For test 4, weigh (1,2,3,4,28) vs (5,6,7,8,9).

Test 4 balances: No combination includes any 2 of the coins used in test 4, so if the scale balances, it means neither fake is in that set. Thus, one of 10, 11, 12, 13, or 14 is fake, and all the coins weighed (and their counterparts) are genuine. Use the standard solution for 12 or fewer coins containing a fake to determine which of these 5 coins is fake and whether heavy or light. This takes 3 more tests. Once a fake is determined, the other fake is the partner listed above.

Test 4 tilts left, in this case, either (1, 2, 3, 4, 28) contains a heavy fake or (5, 6, 7, 8, 9) contains a light fake.

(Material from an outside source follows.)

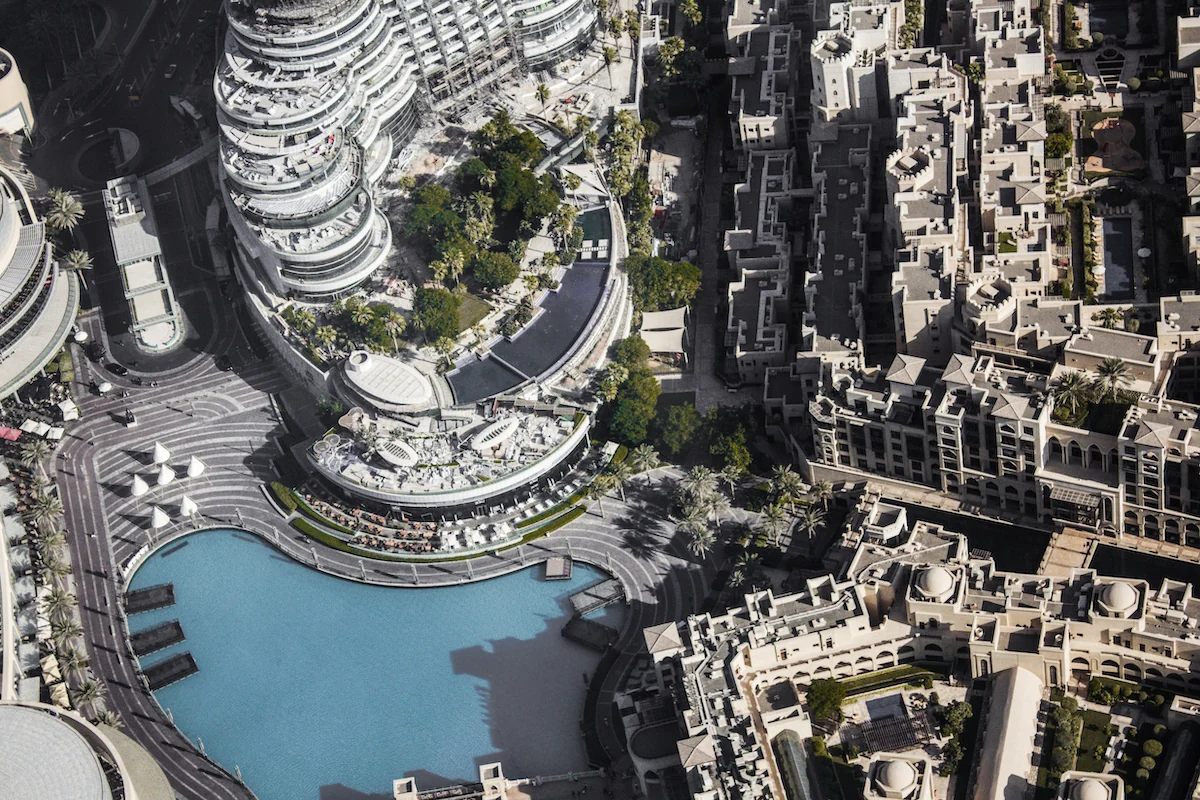 Vistas desde el mirador 124 del Burj Khalifa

In addition, if either 1 or 28 is fake, then the other fake is either 27 or 30. This yields 12 possible combinations.

For test 5, weigh (1,2,5,6) vs (3,4,7,8).

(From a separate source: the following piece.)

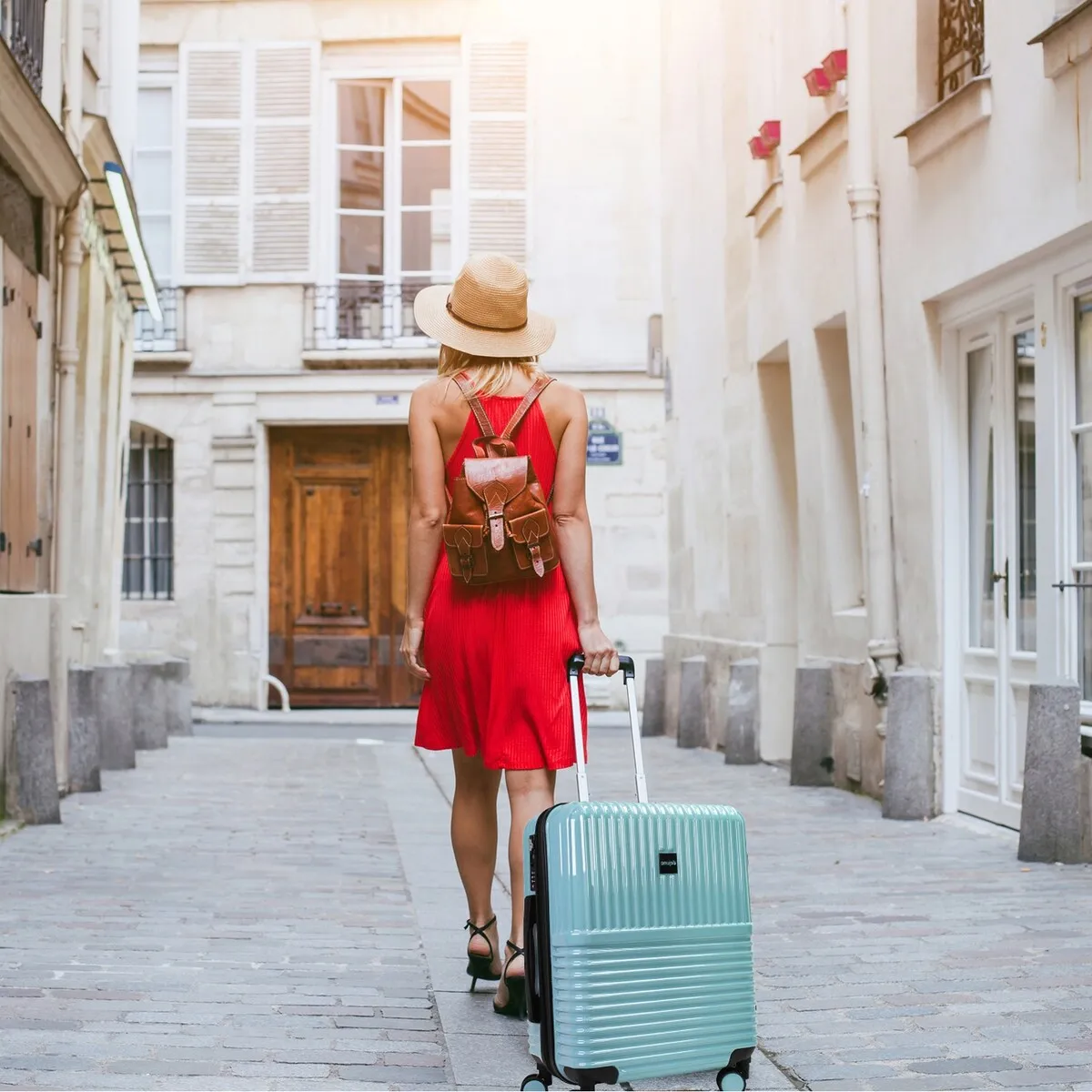 Tonal 2-Piece Expandable Rolling Spinner Hardside Luggage Set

Test 5 Balances: Either 28 or 9 is fake. Test 6: weigh 27 vs 30, yielding (9,19) if it balances or (27,28) if it tilts left or (27,30) if it tilts right.

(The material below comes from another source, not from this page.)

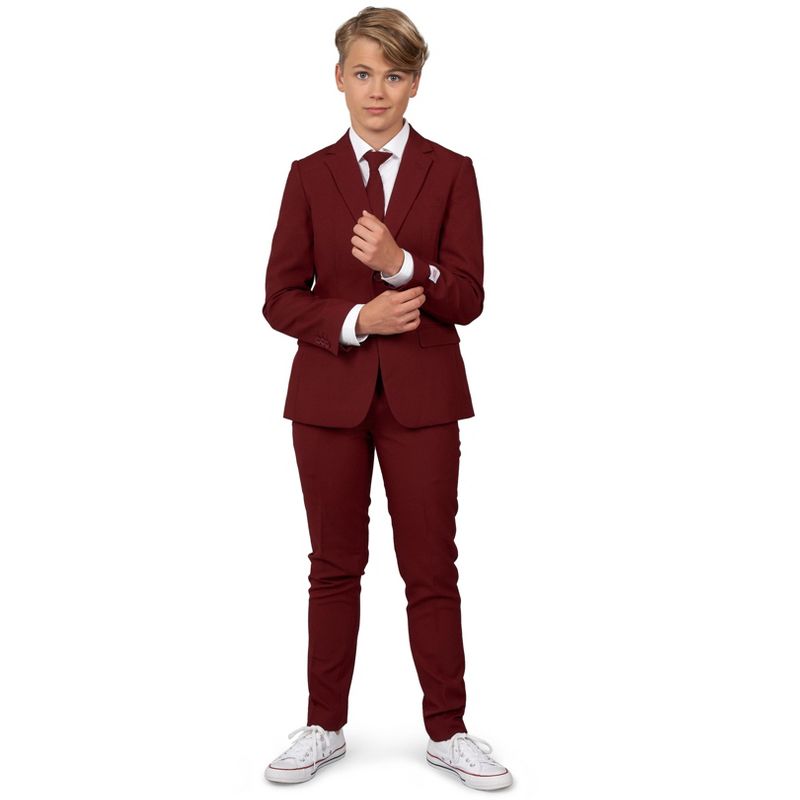 OppoSuits Teen Boys Solid Color Suits, 1 of 8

Test 5 tilts left: One of (1,2,7,8) is fake, for 5 options (since 1 can pair with 27 or 30). Test 6: weigh 7 vs 8 and if they balance, then Test 7: 27 vs 30. If 7 & 8 balance and 27 & 30 balance, then (2,26) are the fakes.

Test 5 tilts right: One of (3,4,5,6) is the fake. Weigh 3 vs 4, then 5 vs 6 to determine the fakes.

Test 4 tilts right: This is the same as for the "tilts left" case, but with heavy and light reversed.

Similar strategies work for the cases where 1, 2, or all three of the first three tests balanced.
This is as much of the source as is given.